Alzheimer’s disease and dementia
It is very natural for the brain cells to change as a person ages but it is important to understand that Alzheimer’s disease is not a normal way of aging. One of the most common symptoms of Alzheimer’s disease is the loss of memory.
If a person occasionally forgets the names or words while in a conversation then that doesn’t mean that he is suffering from Alzheimer’s disease. There are many other signs and symptoms which determine that a person might be suffering from Alzheimer’s or might have dementia at an early stage.

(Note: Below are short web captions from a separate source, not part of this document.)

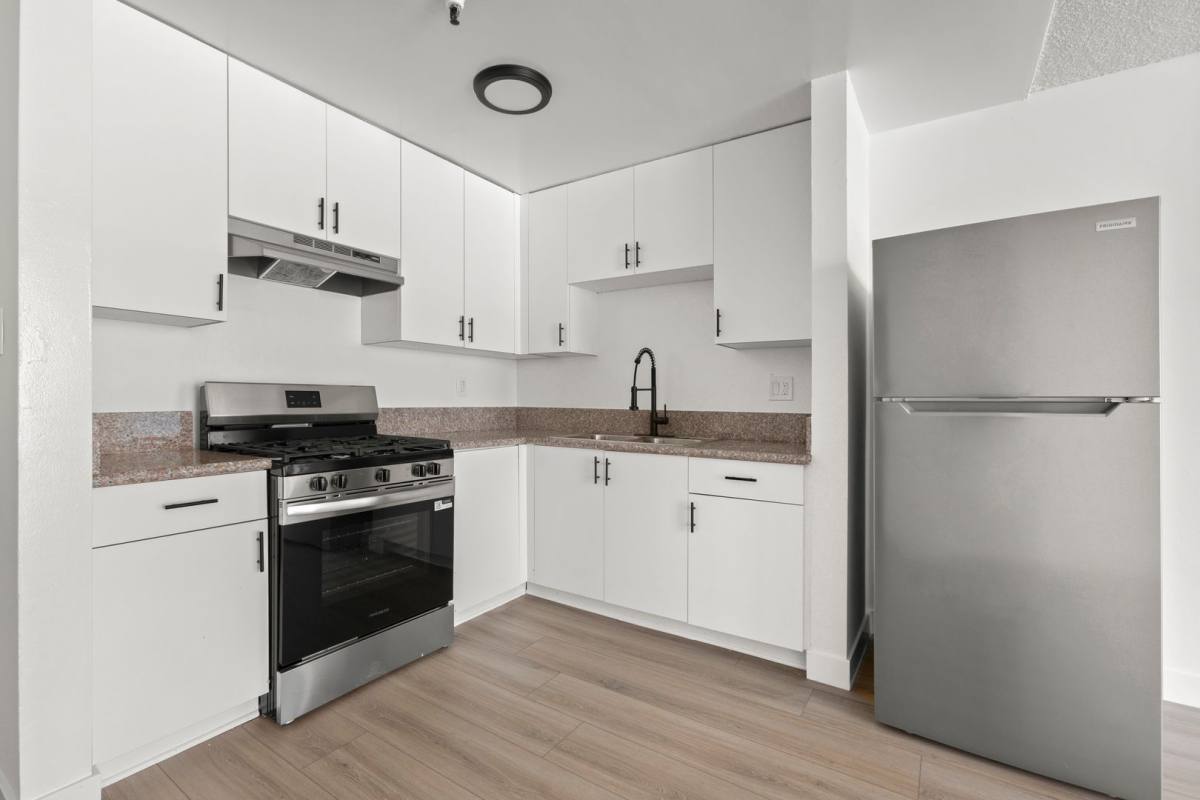 Apartment for rent at 515 S Kingsley Dr, Los Angeles, CA 90020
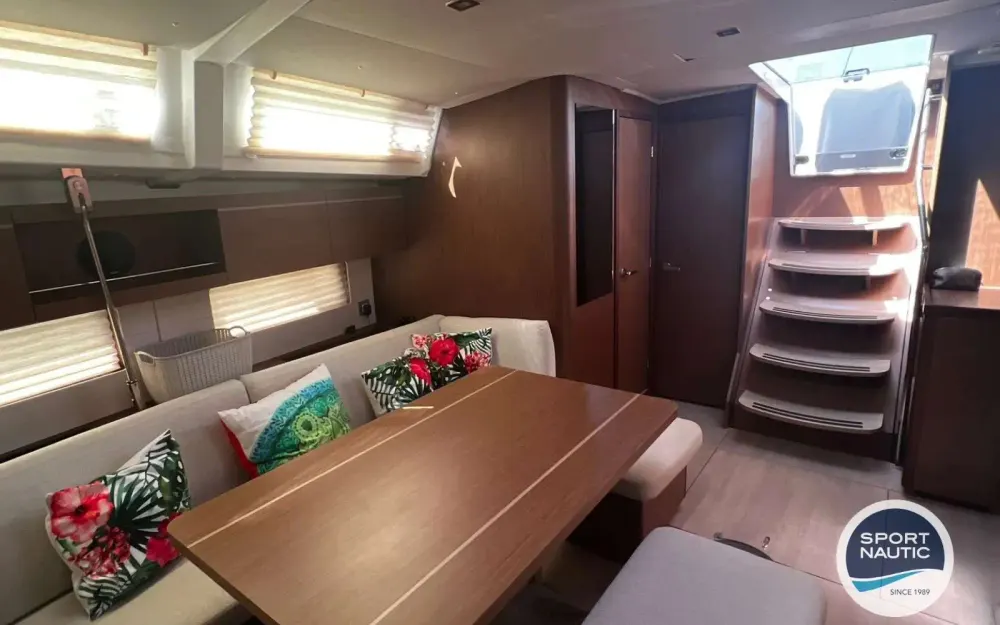 slider 12 Beneteau Oceanis 46.1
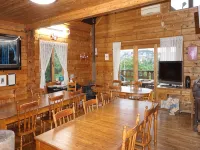 圓木房屋民宿 Pine House - 寵物友善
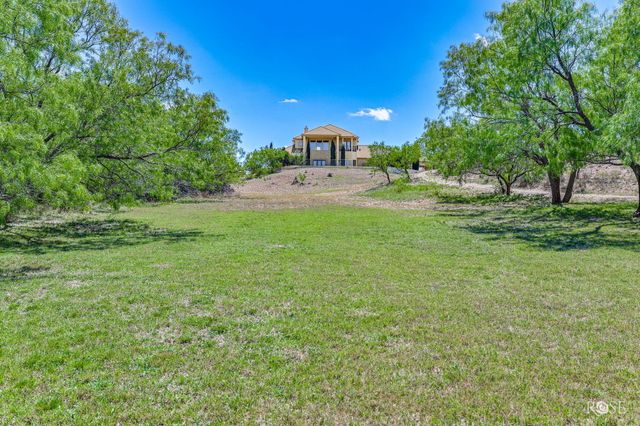 6542 Stokes Road, San Angelo, TX 76904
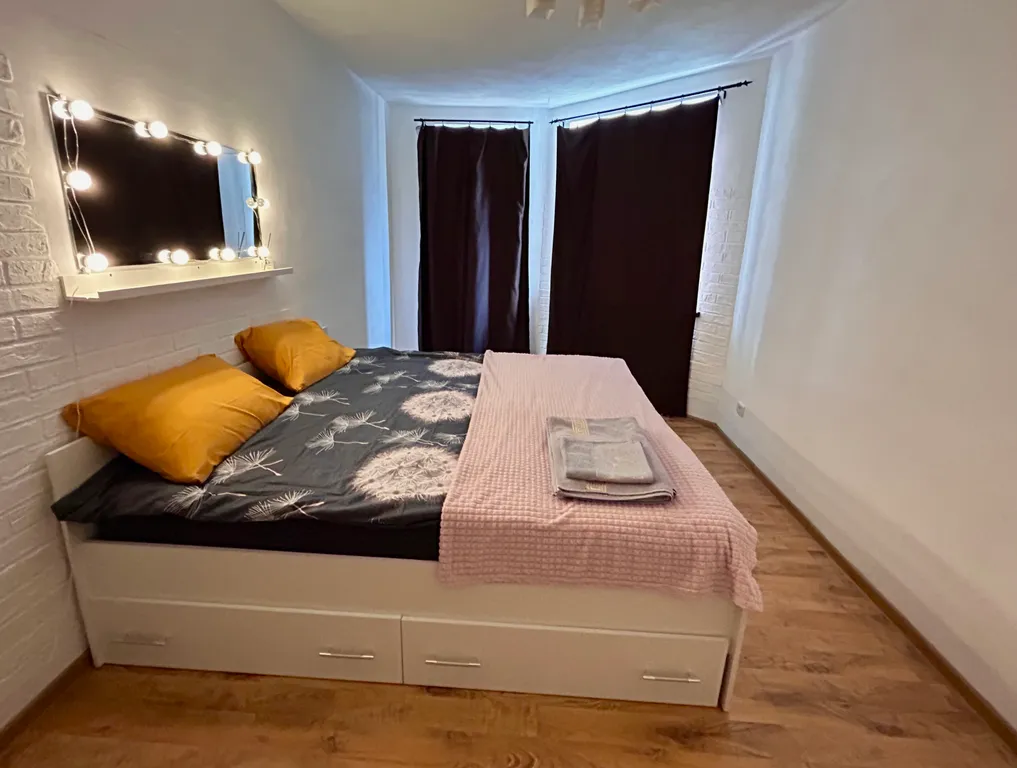 Квартира 1-комнатная квартира с видом на весь Питер — Бугры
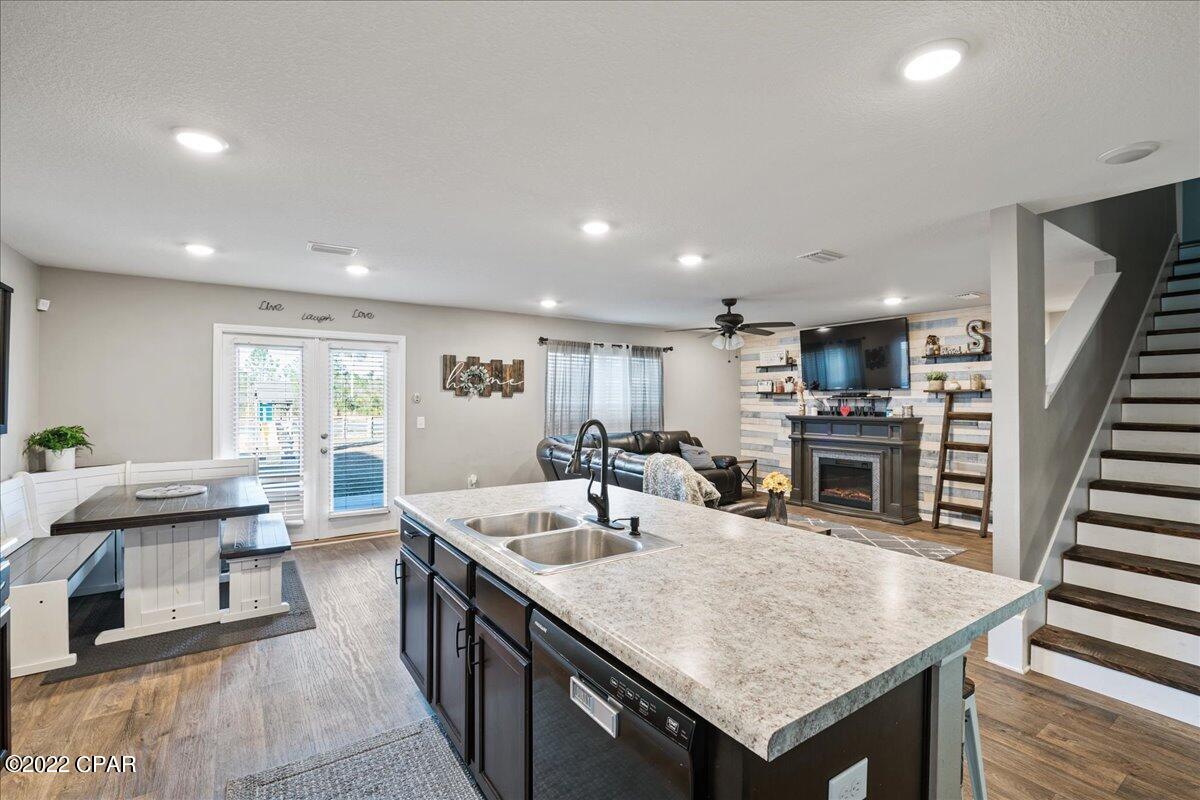 Fanning Bayou - Residential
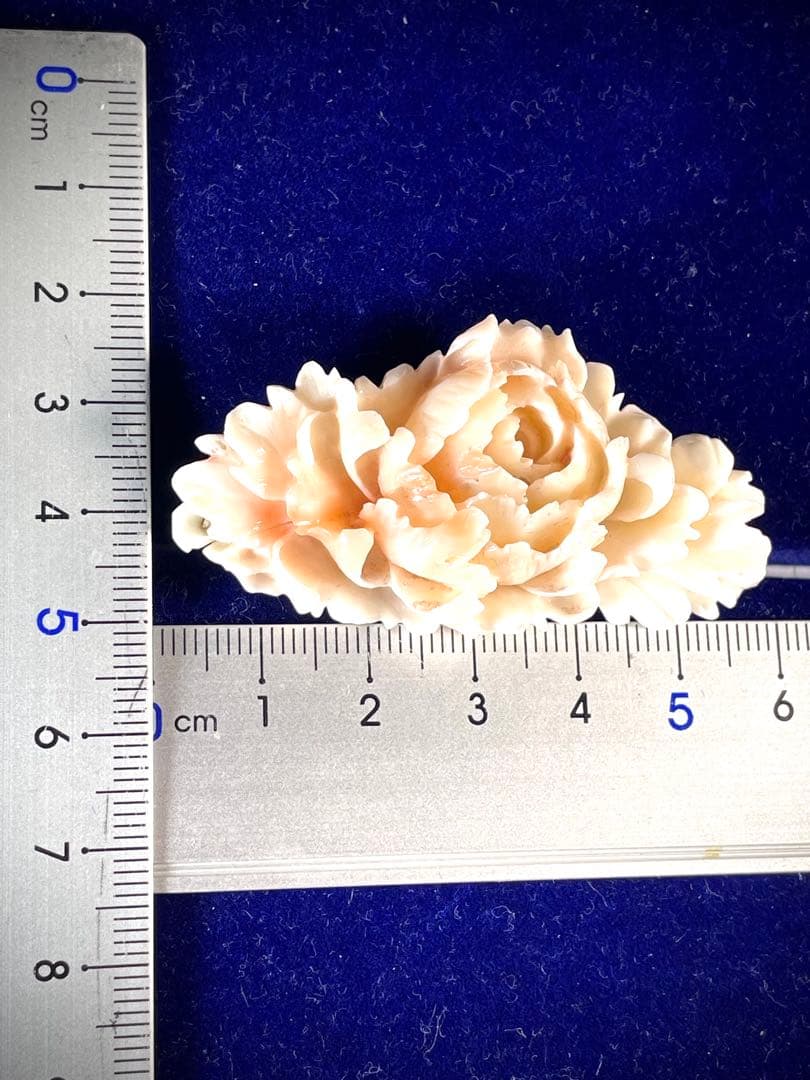 天然珊瑚細密彫刻 「牡丹」帯留 和装小物サンゴ彫刻　ＷＺー053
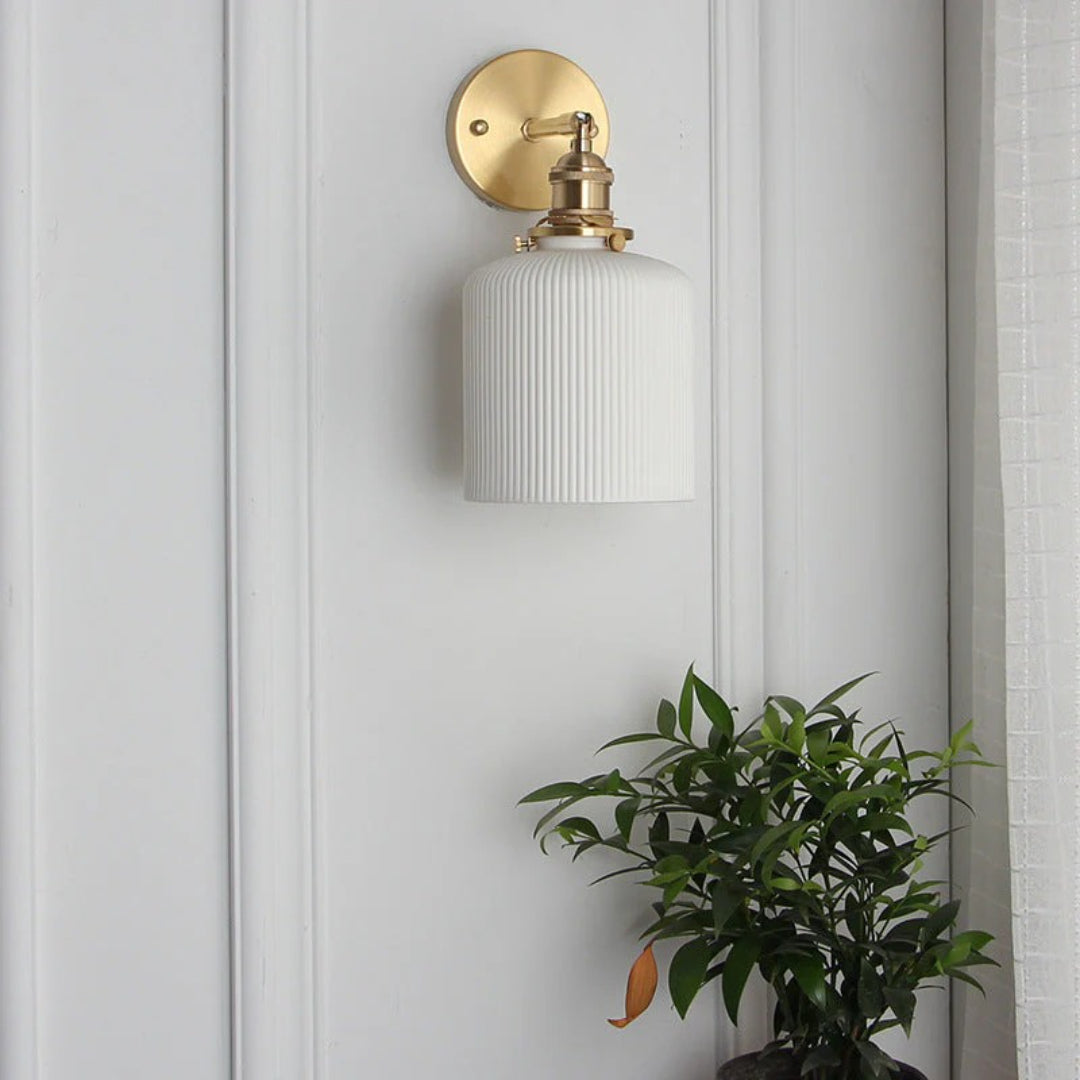 Japońska mosiężna plisowana lampa ścienna – widok produktu 10 | Nuvira Home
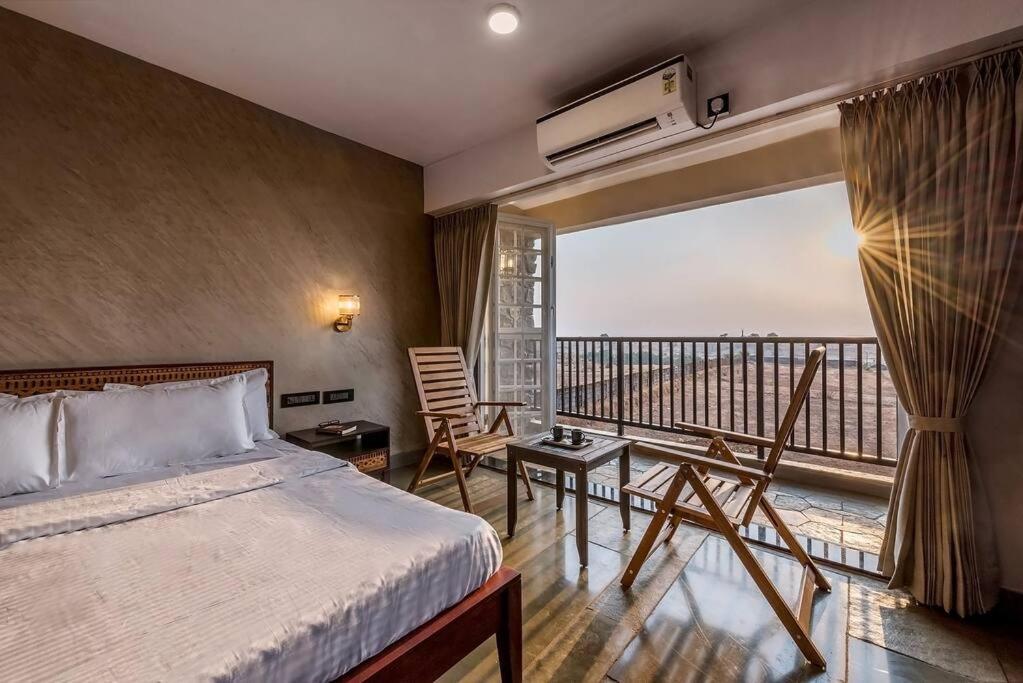 Stone Mansion By Phoenix Stays Igatpuri Zewnętrze zdjęcie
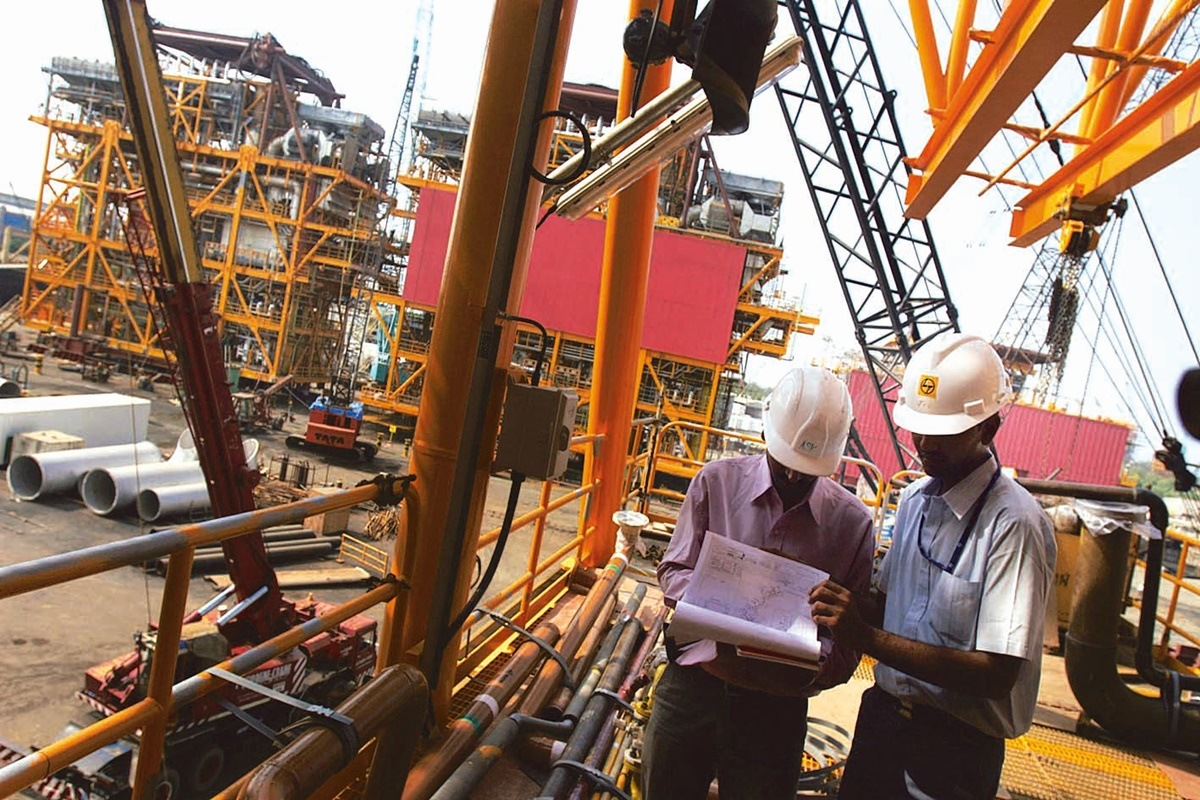 HOLT suggests 41% upside now compared to the average HOLT suggested downside of 30% earlier.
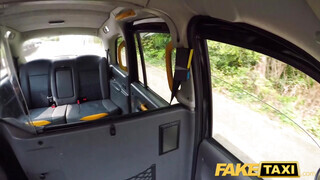 Fake Taxi - Barbie Sins hátsó bejáratba rakva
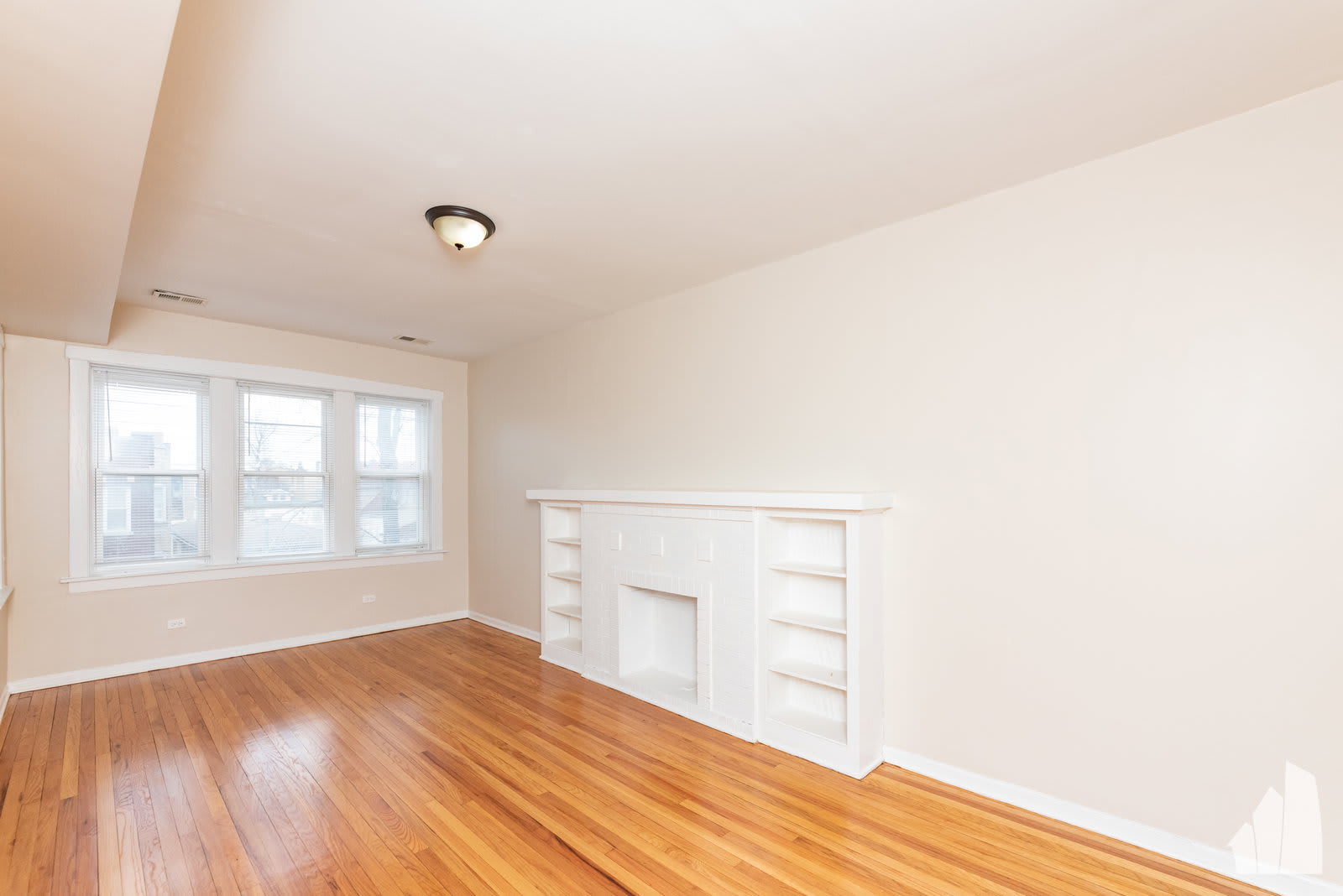 3751 West Sunnyside Avenue – photo 5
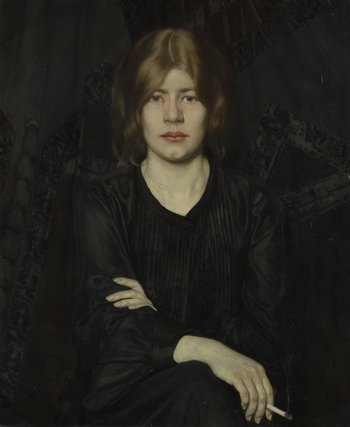 Porträt einer Dame mit Zigarette vor schwarzem Grund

Some of the common symptoms of the early stage of Alzheimer’s disease are:
- Repetitive phrases or questions
- Getting lost in markets or familiar places
- Poor judgment display
- Having trouble in understanding and dealing with finances
- Losing things
- Forgetting things
- Misplacing things
- Taking longer than normal to complete the daily tasks
- Mood swings
- Personality changes
If dementia is not taken into consideration or diagnosed, it can quickly convert into a later and fiercer stage of dementia. Some of the common factors of that stage are:
- Problem in performing regular and familiar tasks and activities
- Changes in perception or vision
- Finding it hard to remember new things
- Gets difficult to deal with numbers
- Can’t understand logical thinking
- Losing things easily
- Finding it difficult to carry on the conversation
- Difficult to socialize
- Difficult to live or adopt a hobby
- Decision making lacking
- Mood swings
- Severe changes in personality
- Losing things easily
Alzheimer’s and brain awareness month
There are many ways to get involved in raising awareness during Alzheimer’s and brain awareness month.
The color of the campaign is purple. You can start the awareness by “going purple”. Change your Facebook page to the hues of purple or add a purple frame to your profile picture on Facebook to showcase to your friends and family that you support this noble cause and want to raise the awareness amongst the crowd.
June is declared as the Alzheimer’s and brain awareness month. It is the perfect opportunity to hold a discussion about the brain. Hold long talks and walks to raise awareness about this illness. You can share the facts about dementia and Alzheimer’s disease with other people to raise awareness and discuss about it becoming a major public issue if remedies are not taken timely.
More than 6.2 million people in the United States of America are living with this disease. The awareness month is the perfect opportunity for everyone to come forward and spread the word so that this disease can be curtailed to some extent or not stopped completely.